* _Exercise_
Find the line that contains "さいりのＴシャツメーカー結果"; then retype it and each line after it, exactly, through the final line of the data below.
··· Data excerpts ···
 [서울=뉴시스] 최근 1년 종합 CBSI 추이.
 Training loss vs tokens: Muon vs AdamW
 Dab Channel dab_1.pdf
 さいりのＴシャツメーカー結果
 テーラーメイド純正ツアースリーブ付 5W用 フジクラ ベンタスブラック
···
* _Solution_
 さいりのＴシャツメーカー結果
 テーラーメイド純正ツアースリーブ付 5W用 フジクラ ベンタスブラック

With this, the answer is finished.